“There are two spiritual dangers in not owning a farm. One is the danger of supposing that breakfast comes from the grocery, and the other that heat comes from the furnace.
To avoid the first danger, one should plant a garden, preferably where there is no grocer to confuse the issue.
To avoid the second, he should lay a split of good oak on the andirons, preferably where there is no furnace, and let it warm his shins while a February blizzard tosses the trees outside. If one has cut, split, hauled, and piled his own good oak, and let his mind work the while, he will remember much about where the heat comes from, and with a wealth of detail denied to those who spend the week end in town astride a radiator.”
—Aldo Leopold, A Sand County Almanac
Jill and I watched Food, Inc this past weekend, and it brought this to mind. What immediately struck me re-reading this is how quaint “grocer” sounds.
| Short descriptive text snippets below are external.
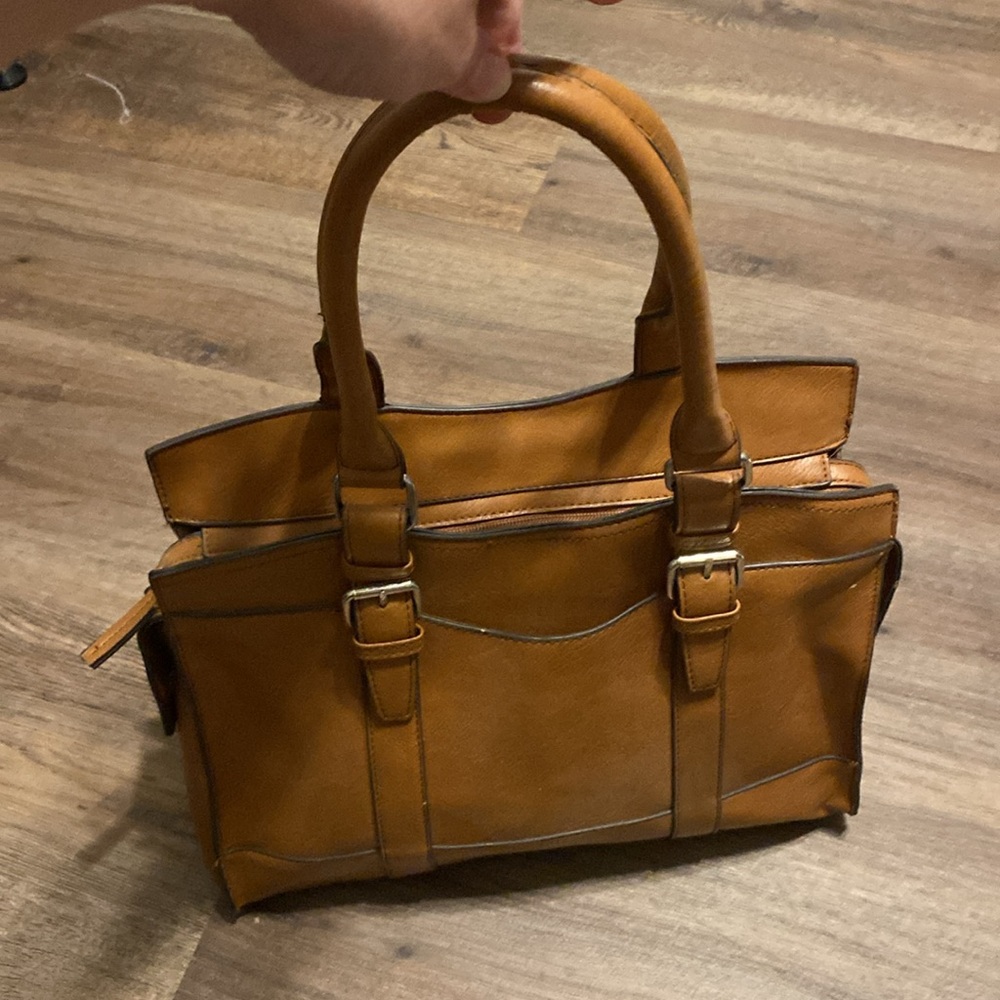 Brown Bueno purse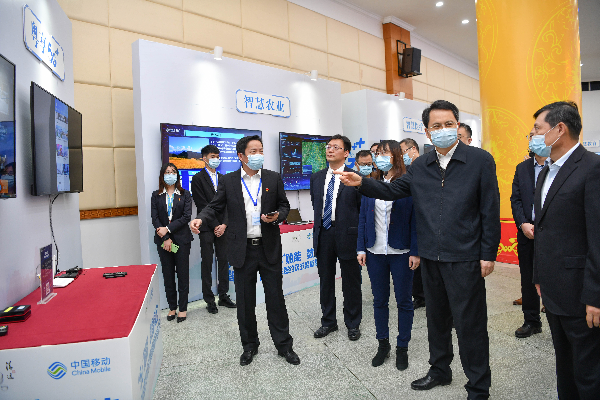 會前，殷昭舉等領導一同參觀”5G+賦能 數智清遠“展區。 曾亮超 攝.jpg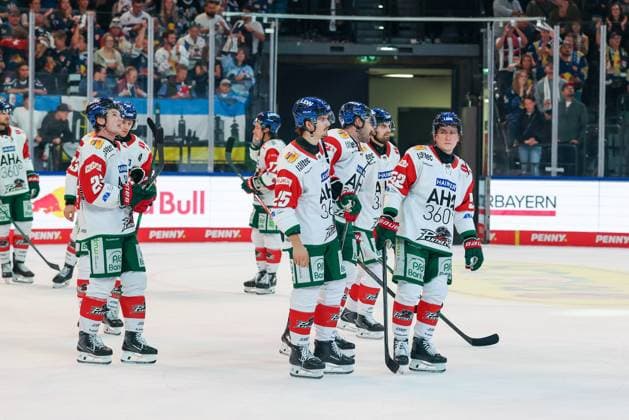 enttaeuschung bei den Augsburger Panther nach der Niederlage, Christian Hanke 25 (Augsburger Panther), Enrico Henriquez-Morales 52 (Augsburger Panther), EHC Red Bull Muenchen vs. Augsburger Panther, 6. Spieltag, Eishockey, Penny-DEL, 03.10.2026 Muenchen Bayern Deutschland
No one really has a grocer; what today would pass for a a reasonable connection to our food, a single person or entity we know who sells us food, was too removed even for Aldo Leopold. I guess you can think of “grocer” as “food-production-industrial-complex” or what have you.
On the larger point: Jill recoiled even during the part in Food, Inc showing the responsible farmer slaughtering animals. Even the good guys! she said. I’ll admit I found it gruesome, too, but I think the point there is that killing animals is a necessary part of eating meat and we should be aware that it is. If we’re not okay with it, we shouldn’t be eating them.